Чудесно! Слово «чудесно» было самое ее любимое из всех других слов. Я уткнулся лицом ей в плечо, и Мишель не утешала меня, ни о чем не спрашивала, привычная к моим слезам, поскольку я проливал их по любому поводу. И тем не менее на меня снизошло великое спокойствие: раз все уже решено, значит, незачем думать об этом, не на что надеяться, нечего ждать, кроме вот этой роли, которую они мне отвели, роли поверенного их тайн. Никогда уже я не буду ни первым, ни единственным в сердце Мишель. Снизу, с лугов, доносился приглушенный льдистый шум воды. От Мишель пряно пахло теплой гвоздикой, она вытирала мне глаза своим носовым платочком и все говорила, говорила полушепотом.

Предчувствие меня не обмануло: действительно, они по нескольку раз на неделе встречались за мельницей господина Дюбюша. Оба смертельно боялись, что их накроет мачеха. Мишель заставила меня поклясться, что я не проговорюсь, не наведу ее на след. Тут я вспомнил, что уже пожаловался Бригитте Пиан на Жана и Мишель, сообщил, что они от меня прячутся. Но сказал я это без всякой задней мысли (так-таки и без всякой задней мысли?..). А что, если тогда я пробудил ее подозрения?

— Если бы ты знал, Луи, как я ее боюсь, ей ненавистно счастье! Я же знаю, за что она на меня злится — главным образом за то, что я не хожу с постной физиономией. Нам вечно приходится быть настороже! А Жан страшно неосторожный!

И она заговорила о Жане с такой непринужденностью, на какую лично я не был способен. Мишель отлично понимала, на какой риск она идет: даже дядюшка со всеми его выдумками не подозревает, какой Жан ужасный человек. Теперь я часто думаю, почему сестра называла Жана таким ужасным, ведь он сам мне признавался, что целовал Мишель невиннейшим из поцелуев и счел бы страшнейшим святотатством позволить себе что-либо большее... Быть может, она догадывалась, что не всю жизнь будет он таким ягненком... Впрочем, она его не боялась. И к тому же все равно она станет его женой, а не кого-либо другого: она сама его выбрала, и он тоже сам ее выбрал, пускай они еще совсем дети. Если даже ей суждено прожить сотню лет, и то она никогда не взглянет ни на какого другого мальчика. Так что нечего об этом и говорить. Жан такой умный, такой сильный...

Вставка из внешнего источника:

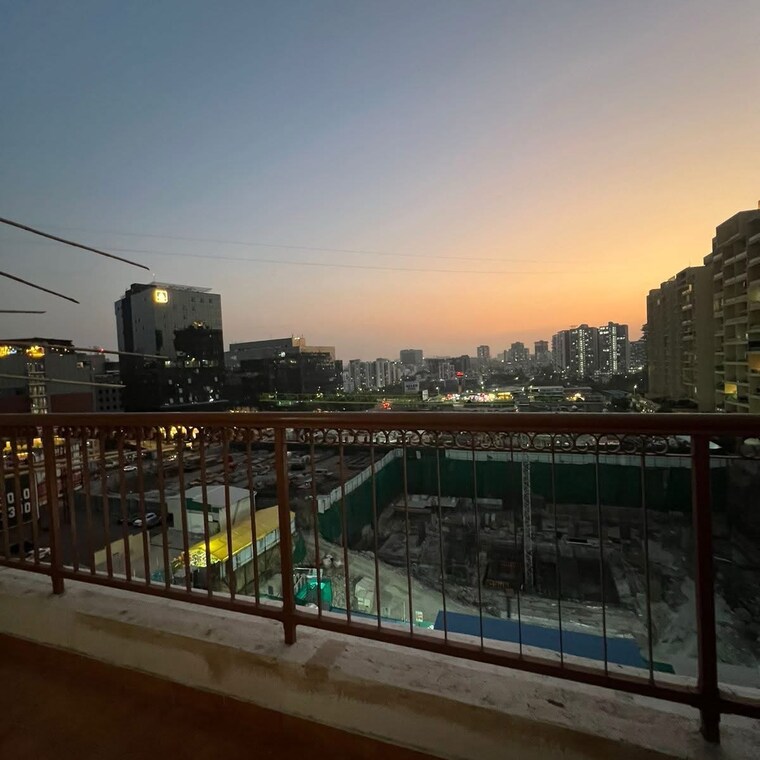 Exterior View, goel-ganga-constella 2 Bedroom 950 Sq.Ft. Apartment In Kharadi Pune 9185587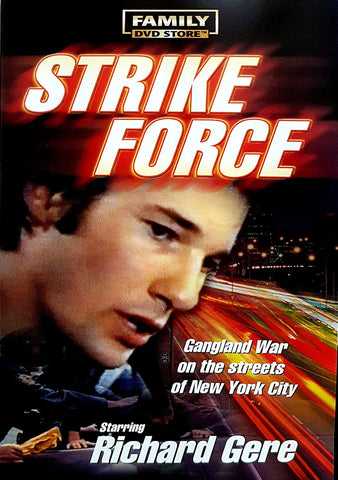 Strike Force [DVD]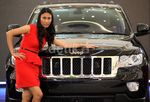 Grand Cherokee 3.6 L Overland Tampil Perkasa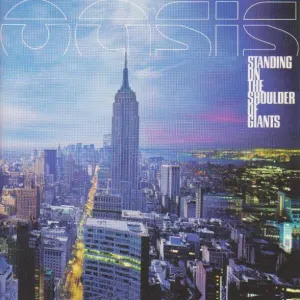 Standing On The Shoulder Of Giants cover art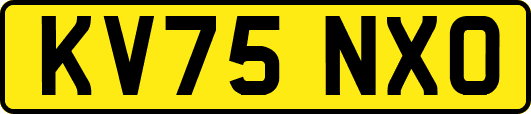 KV75NXO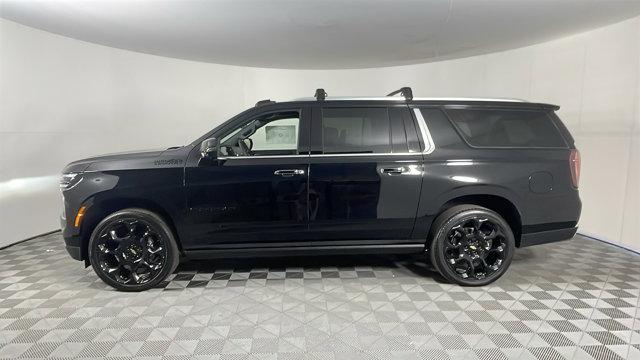 new 2025 Chevrolet Suburban car, priced at $102,545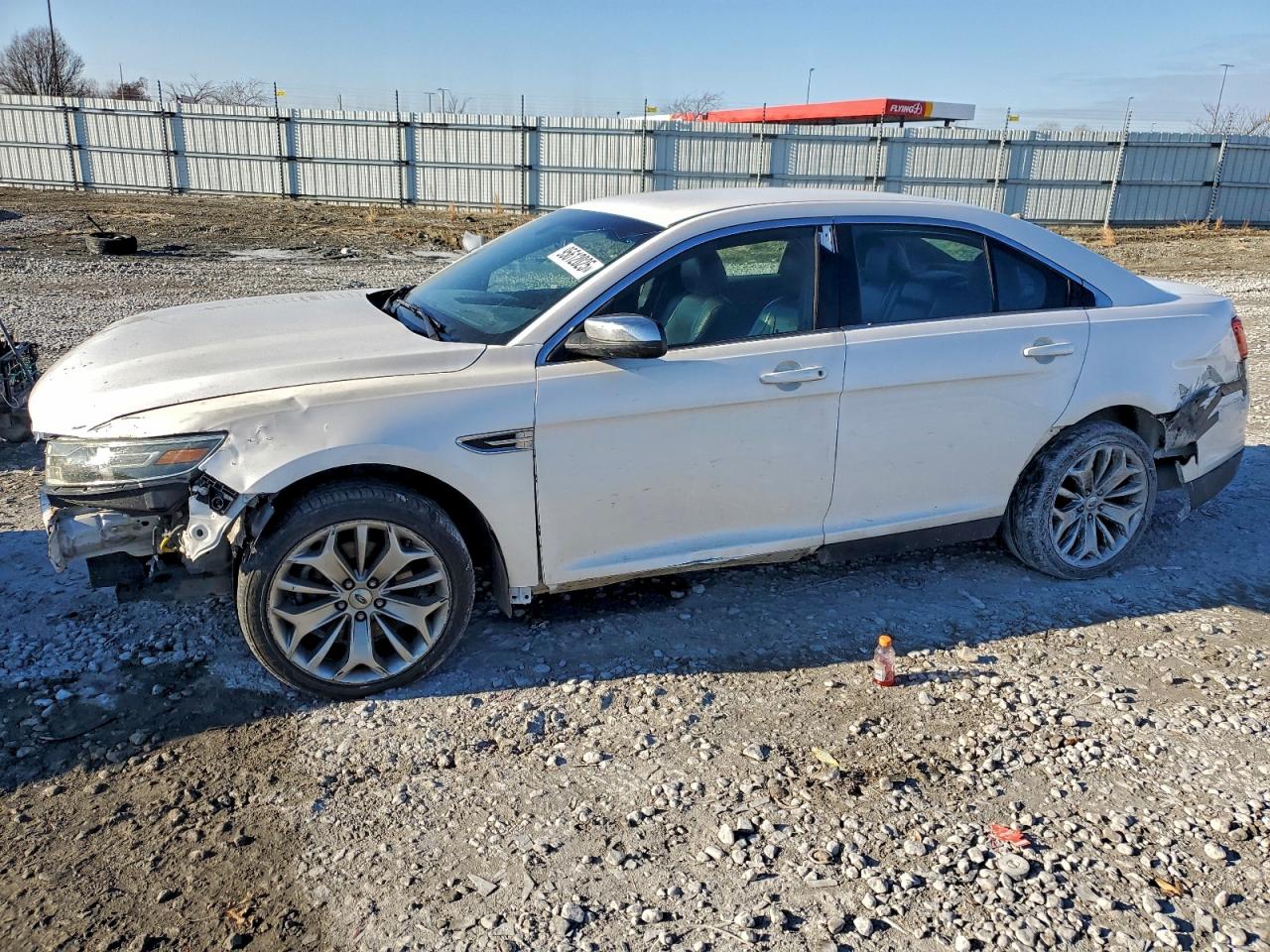 FORD TAURUS 2014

— А еще он ужасно красивый, как по-твоему?

Нет, по-моему, он был вовсе не такой красивый. Да и что такое красота в глазах ребенка? Само собой разумеется, мальчик моих лет гораздо чувствительнее к силе и мощи. Но, очевидно, вопрос Мишель глубоко запал мне в душу, раз теперь, прожив долгую жизнь, я до сих пор помню тот уголок аллеи, где Мишель спрашивала меня, красив Жан или нет. Сумею ли я сейчас дать более точное определение тому, что я зову красотой, и сумею ли ответить на вопрос, по каким именно признакам я ее распознаю, идет ли речь о человеческом лице, о небосклоне, о тучах, цвете, слове, песне? Об этом плотском содрогании, одинаково захватывающем и душу, об этой радости без надежды, об этом безысходном созерцании, которое не восполнишь никакими объятиями...

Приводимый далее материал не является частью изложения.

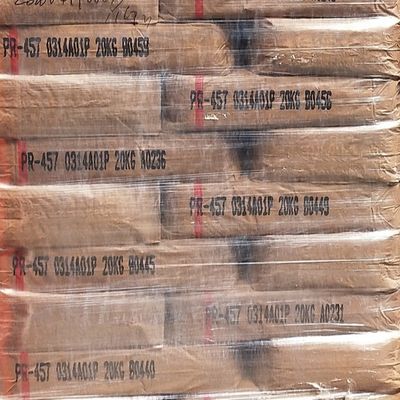 Formolon PR-457 K60 PVC Resin Emulsion Grade 9002-86-2 Kemampuan Berbusa Yang Sangat Baik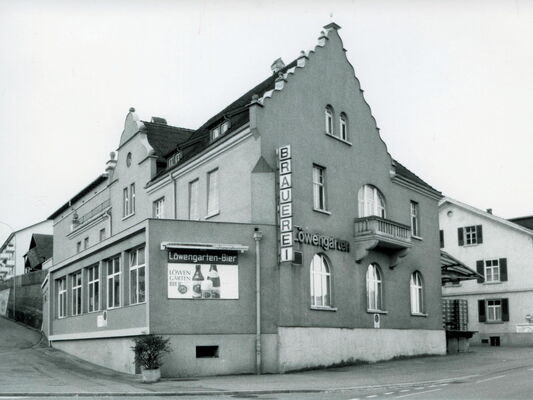Löwengarten Quartier Rorschach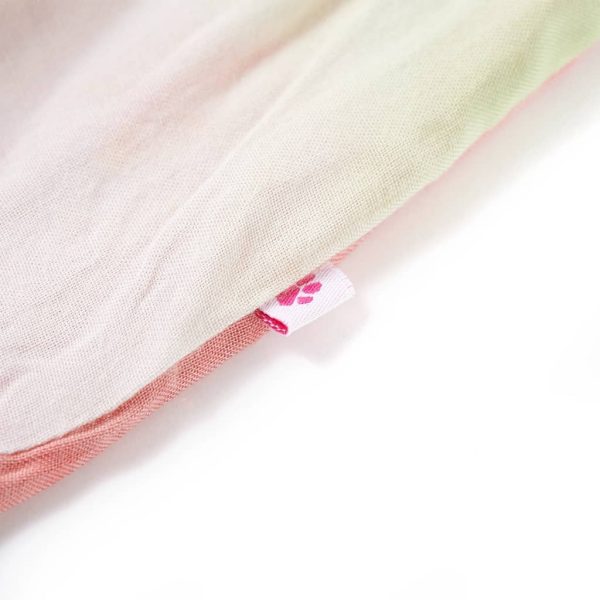 Saia plissada para criança rosa-claro 92 - Image 5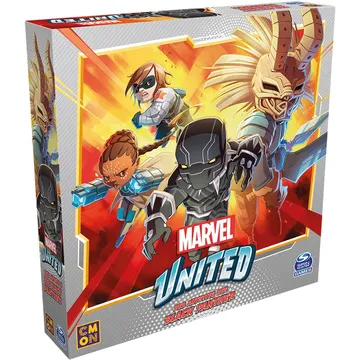 Marvel United Rise of the Black Panther - slika proizvoda pod brojem: 1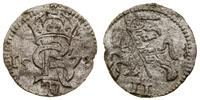 dwudenar 1578, Mitawa, rzadka moneta lenna z okr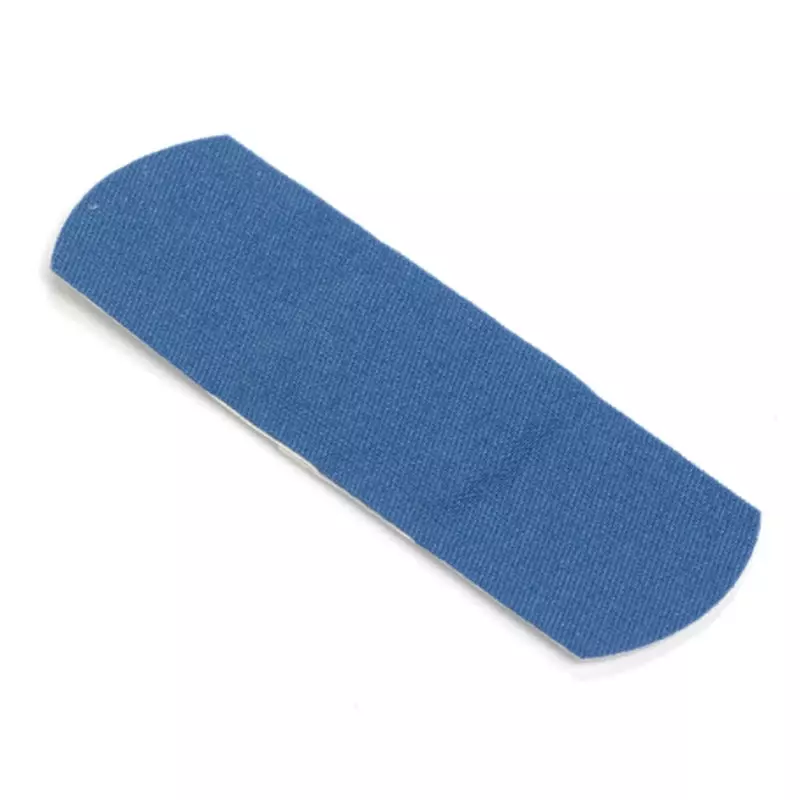 Detectaplast 8238 Elastic piercing pleisters detecteerbaar blauw 9x38 mm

— Послушай, Мишель, — сказал я наконец, — ты знаешь, что говорят о Жане в коллеже, говорят, что он грязный тип?

— Ну и пускай... А вот господин Калю не считает, что он грязный тип. Сейчас я тебе такое скажу, что ты закачаешься: лучше быть грязным типом, чем такой святой, как Бригитта Пиан...

— Мишель, опомнись!

— Нет, не опомнюсь! Лучше в аду, только без нее, чем в раю с ней!

— Ой, Мишель, дорогая, это же кощунство, ты накличешь на себя беду! — возмутился я — Скорее проси прощения! Скорее зарекись!

Мишель послушно, но небрежно осенила себя крестным знамением и пробормотала: «Каюсь от всего сердца в том, что совершила против тебя такой грех, всеблагой боже!» — и тут же без всякого перехода фыркнула.

— А знаешь, что аббат Калю сказал Жану насчет Бригитты? Что есть люди, которые избрали себе Господа Бога, но весьма сомнительно, избрал ли их Бог...

— Господин Пюибаро, — начал я, шокированный словами сестры, — господин Пюибаро считает, что для священника аббат Калю слишком остроумен, что он слишком резок и что у него крамольные идеи.

Мишель не понимала, что значит «крамольные идеи». Но меня уже терзали совсем иные подозрения, и я не ответил на расспросы сестры.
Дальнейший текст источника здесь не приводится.